Building Innovative Bureaucracies: Change, Structure, and the Science of Ideas; A New Series on Innovation in Bureaucracy Lays Down a Foundation and Explores the Mechanics of Innovating in the Public Sector-Maturing from an Organization That Is Change Averse, to Change Cognizant, to Change Capable, and Finally to Change Centric

Article excerpt

Does innovation have meaning for today's public manager? If so, what is that meaning and how does it translate into a practical lever for making government better? This article is the introductory frame for an "Innovative Bureaucracies" series that will seek to address these very important questions to the practice of public management. Edited by the newly-initiated Center for Innovation in Public Service at George Washington University's School of Public Policy and Public Administration, the series will use the foundational discussion of innovation that is presented in this article to explore the mechanics of innovation in public management. In doing so, we hope to provide insight that will make this often ambiguous and "corporate" concept a tangible, executable reality for the public manager.

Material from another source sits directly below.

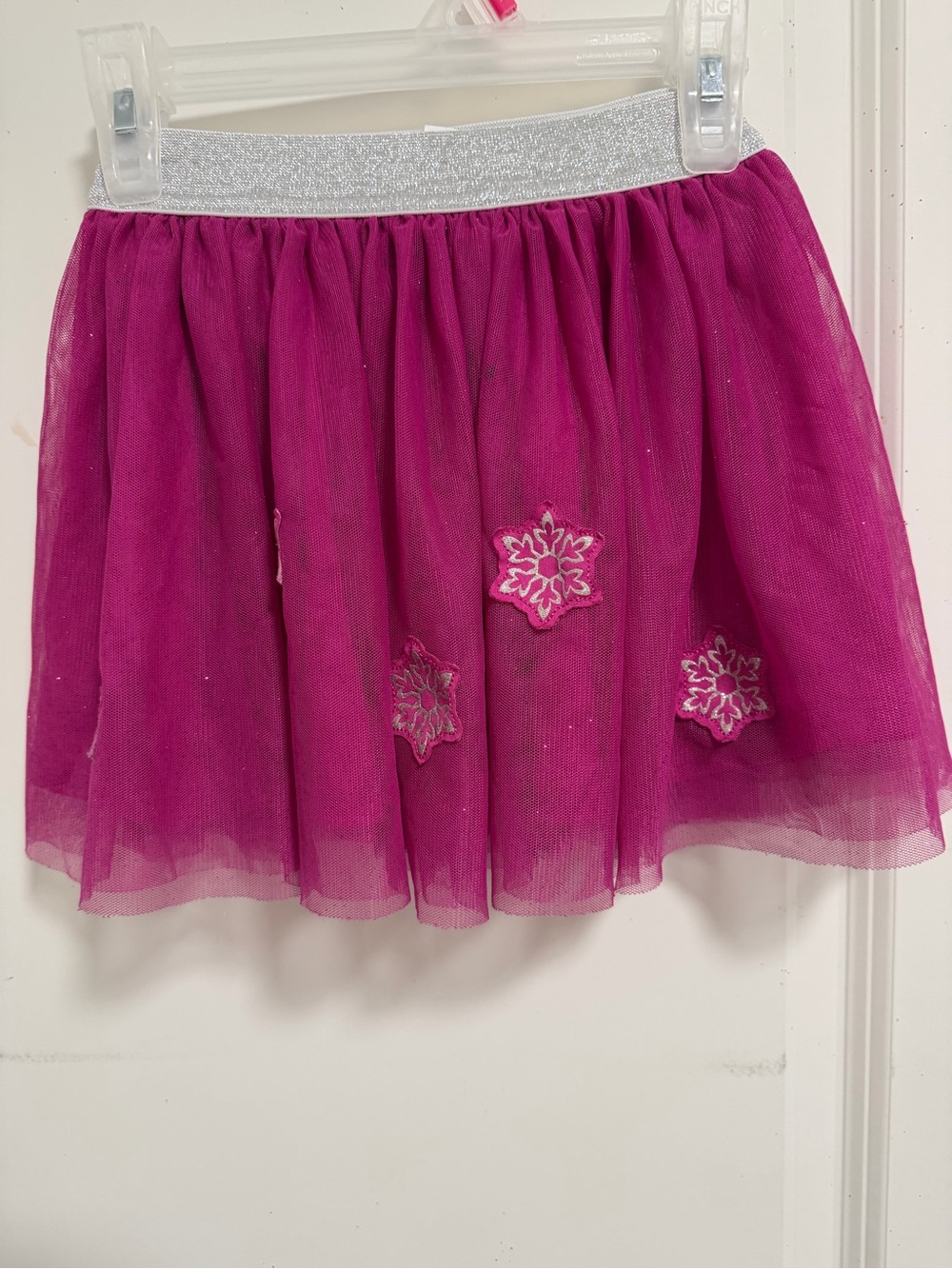 Disney Magenta Tulle Skirt with Silver Elastic Waistband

Innovation is one of those ambiguous terms like leadership that often carries a legacy of connotation in organizations. Although much more of a badge in the corporate world, innovation at times has been heard to echo in the halls of government. Still, the idea of bureaucracy does not exactly flow naturally into this idea of innovation. In a sense, bureaucracy and innovation do not seem to share much in common. Bureaucracy is built of structure--of tradition, stability, and predictability. Innovation, though, is fluid, flexible, and dynamic, with its value derived from the qualities of "newness" and unrecognized potential. Possibly for this reason, the idea of innovation in bureaucracy just does not seem to materialize well. In the absence of the competitive market forces that drive innovation in business, innovation in bureaucracies seems to be even more insubstantial and illusive. But does this signal that innovative bureaucracies are unachievable, or even unnecessary?

Meeting the Challenge of Contemporary Public Service

On September 11, 2001, the World Trade Center ceased to exist. A little over a year later, the space shuttle Columbia disintegrated upon reentry into the earth's atmosphere. Although there was a great deal that was different about these two events, there was at least one thing that was similar-that each represented a significant breach of expectations for many in government, and in the larger society. These events reminded us, as many have in years past and undoubtedly many will in years future, that change and flexibility are phenomena that government does not have the luxury to ignore. In the world of terrorism, globalization, and technological revolution, hyper-change is the reality. As a result, a government that can address the issues of this world succeeds to the degree that it can reflect these changing needs in its services-whether the need is stopping a new method of terrorist access to aircraft or catching a malfunction that has developed recently on a spacecraft.

[ILLUSTRATION OMITTED]

As Bill Gates has been noted to say, "Microsoft is always only two years away from failure." For the public manager, the lessons pointed out in the preceding paragraph indicate that the proximity of critical failure often is even closer in government. How does the public manager respond to these perpetually evolving challenges of great magnitude? At a fundamental level, the response seems to involve "getting better at government." And if you survey the landscape of projects within your agency, things seem to be going in that direction. Improvement projects abound. Initiatives are too many to count. However, a closer look at Bill Gates' statement provides an extremely valuable insight--in the word always.

Constant Renewal

Unfortunately, for all of the improvement in government, the "always" seems to get left out frequently. When we take a closer look at most government improvement projects, we see exactly that--that they are projects. In response to legislation, a new reporting procedure is implemented. In response to new leadership, a new plan is enacted. …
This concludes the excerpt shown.